Old Testament: Jeremiah 22:1-23:20
Jeremiah 22:1-23:20 Opening A New Branch
Chap.22 Judah still is not listening to Jeremiah’s warning of impending doom. So he continues and also warns the King, Jehoiakim in vv. 13-19. He was disgraced in death. His body was dumped on a garbage heap (cf. v. 19).
Jeremiah then denounces his son, Coniah (cf. Jer. 37:1), aka Jeconiah (cf. Jer. 24:1; 27:20). He is usually called Jehoiachin. That’s a lot of names for a guy who only ruled for three months (cf. 2 Kings 24:8- 15; 25:27- 30).
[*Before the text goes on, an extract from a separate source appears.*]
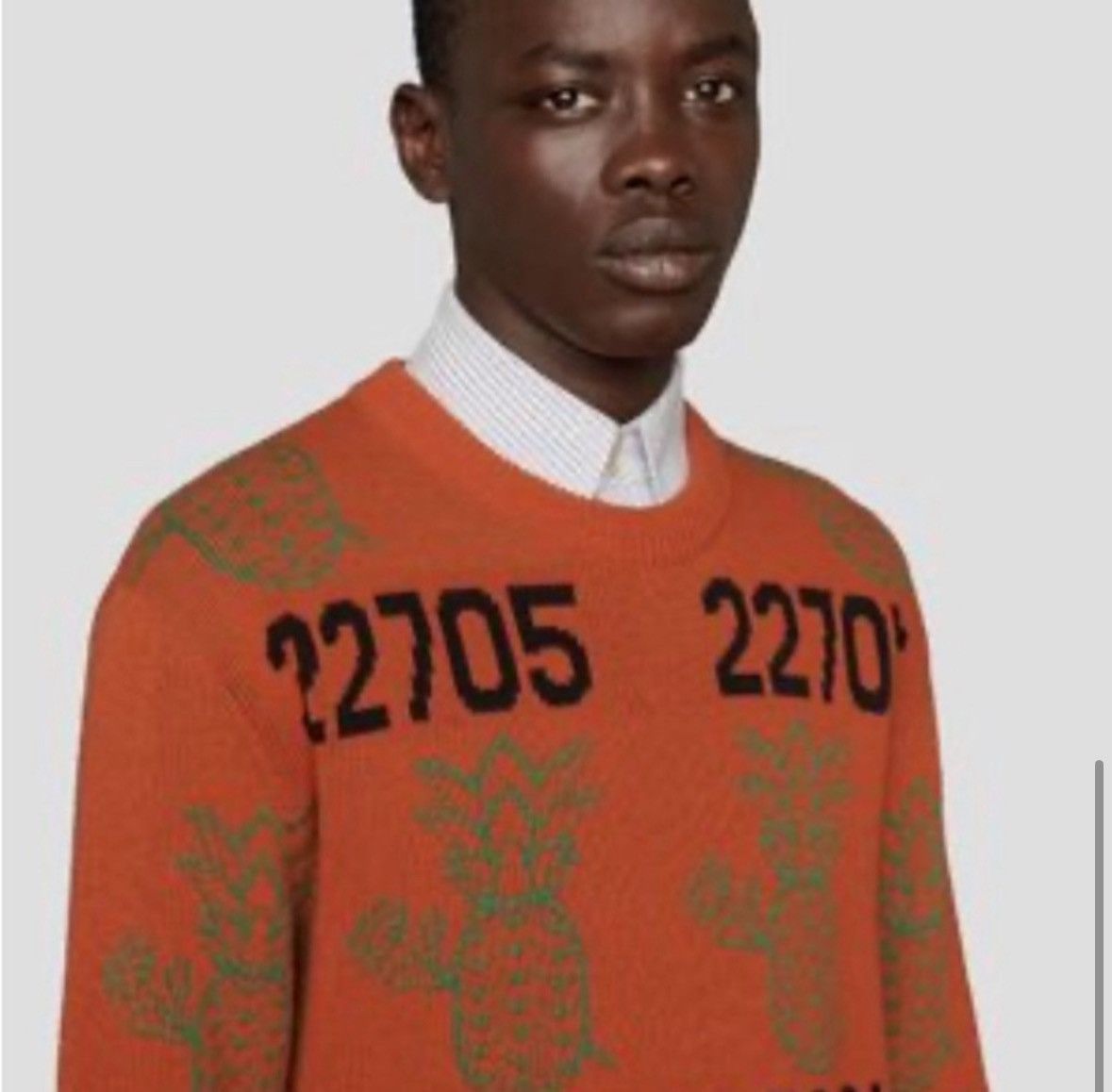 Gucci Gucci Jacquard Pineapple Orange Sweater (Rare) Size US XS / EU 42 / 0 - 6 Thumbnail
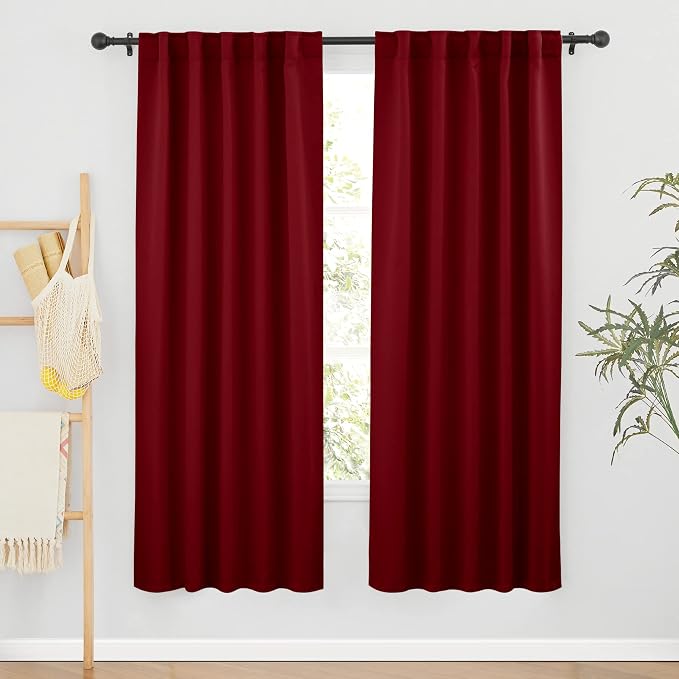 RYB HOME Decorative Room Darkening Curtains, Large Window Curtain Set by RYBHOME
Notice the last verse of this chapter is a curse on Coniah (aka Jehoiachin aka Jeconiah). He was going to be childless and none of his descendants was going to sit on the throne of David. That yields a dilemma of sorts. The throne of David was supposed to last forever (cf. Jer. 33:17, also 36:30). But the line of David through Coniah was cut off. Now what? The answer is that there are two genealogies in the New Testament. One traces Jesus’ lineage from David through David’s son, Solomon, to Jeconiah/Coniah to Joseph. Joseph was Jesus’ legal father. But the other genealogy is found in Luke and traces Jesus’ genealogy from Mary back through a different son of David, Nathan, to David (Luke 3:23-38). In that way it bypassed the line of Jeconiah. So Jesus is a blood descendant of David through Mary. Isn’t God amazing? If that weren’t so, the prophecies of Jeremiah would have been false and Jesus would not have qualified to be Messiah.
Chap. 23:1-20 The “shepherds” in verse 1 are the political leaders. Have you ever thought political leaders are “shepherds”? They are supposed to take care of the people they serve. The leaders in Judah were not doing their job.
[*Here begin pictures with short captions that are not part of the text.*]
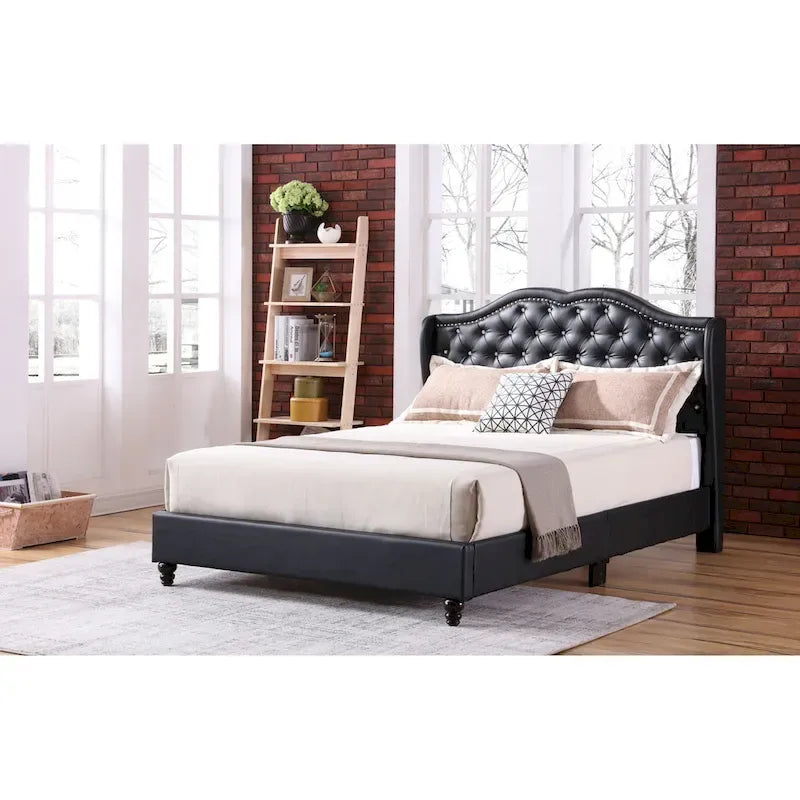 Nordic Style Tufted Upholstered Bed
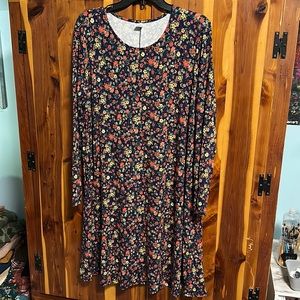 Old Navy Long Sleeve Floral Swing Dress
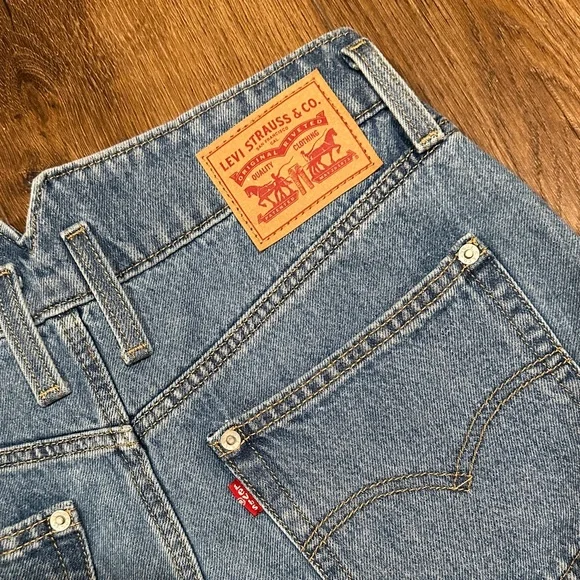 Levi's Blue Denim Mini Skirt - Picture 3 of 4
Verse 5 is a prophecy of Jesus, “the Branch” (cf. Isa. 4:2). He is “righteous” in contrast to the political leaders of Jeremiah’s day. He is the hope of Judah.
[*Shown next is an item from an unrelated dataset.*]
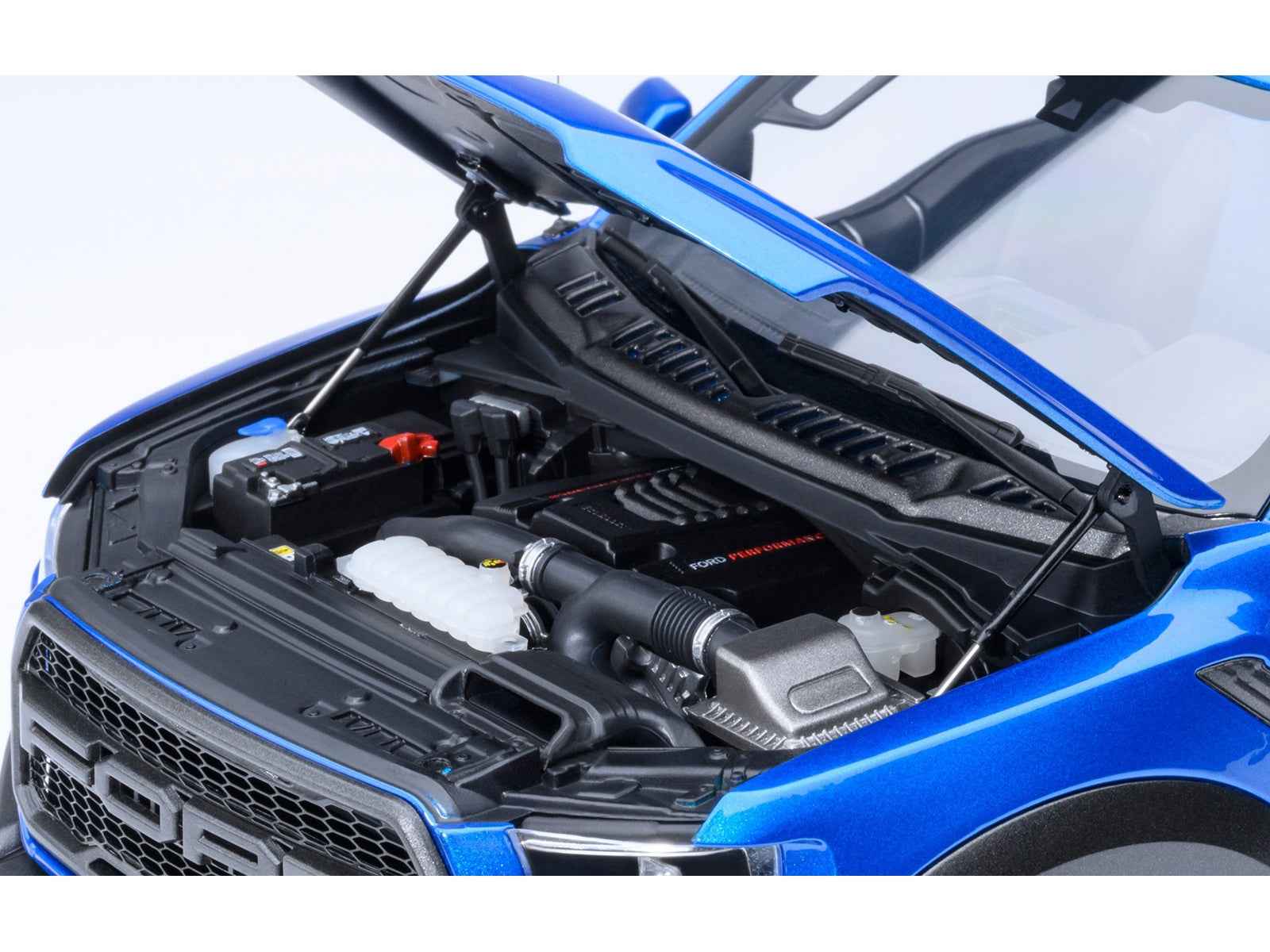 2019 Ford F-150 Raptor Pickup Truck Velocity Blue 1/18 Model Car by Autoart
In verses 9 – 20, the false prophets are again chastised. The Living Bible says in verse 18, “But can you name even one of these prophets who lives close enough to God to hear what he is saying? Has even one of them cared enough to listen?” They were supposed to be the ones close to God and hearing directly from him but they were deaf. Christians today should be able to hear from the Lord (cf. John 10:4) but how many are really listening to His voice?
Verse 16 is a warning, “Do not listen to the words of the prophets who are prophesying to you. They are leading you into futility; They speak a vision of their own imagination . . . .” We have false prophets today with detestable theologies that are leading the world into a worse destruction than was coming on Judah. They were not to listen to the false prophets and neither should we. How can we avoid them? We must know the Word.
New Testament: 2 Thessalonians 1:1-12
2 Thessalonians 1:1-12 Hill No
2 Thessalonians was written not long after 1 Thessalonians. There was a misunderstanding about what Paul meant when he explained the “Day of the Lord” in 1 Thessalonians 5:1-11. Some had stopped working thinking that the judgments of the Lord had already arrived. There have been times in church history when similar things have occurred. The Millerites in the mid-1800’s thought that the Day had arrived so they all went up on a hill to wait for the Lord. When the “Day” never arrived, they came back down the hill and formed part of Seventh Day Adventists.
Paul assures the Thessalonians that they should be working and rebukes the church leaders for allowing people to be idle.
Paul once again gives thanks for those in his charge (v. 3). Pastors, do you give thanks for those God has given you no matter how much of a blessing or how difficult they may be? The Thessalonians were known to Paul as loving people whose love grew more and more toward each other (vv. 1 Thess. 1:3; 3:6; 3:12; 4:9). They were persevering despite the persecutions they were enduring (v. 4). Their perseverance in suffering was a proof of their salvation (v. 5).
When Jesus returns in retribution, he will repay those who have been harming the Thessalonians as well as all who have rejected His message of grace (vv. 6-8). Norman Geisler has described Hell as a bunch of people in a room all selfishly wanting their own way. Verse 9 says they will be “away from the presence of the Lord.” I have had some friends that thought that Hell was going to be like one big party. It will not.
Jesus will come back to be “glorified in His saints” (v. 10). The word “saints” literally means “holies.” God sees all His believing children as holy in Christ. They are still obligated to become practically holy (cf. Phil. 2: 12-13) but God sees them through Christ “positionally” and sees them as pure. If He didn’t, no one would get into Heaven. God will be “glorified” in them, that He has extended them His grace.
Paul doesn’t pray that the Thessalonians might “prosper” (v. 11). His prayer is that they will live up to the life God has for them, to be “good” and that they will exercise their faith in works empowered by the Holy Spirit. The result will be that Christ will be glorified in them because of His own grace through Jesus Christ (v. 12).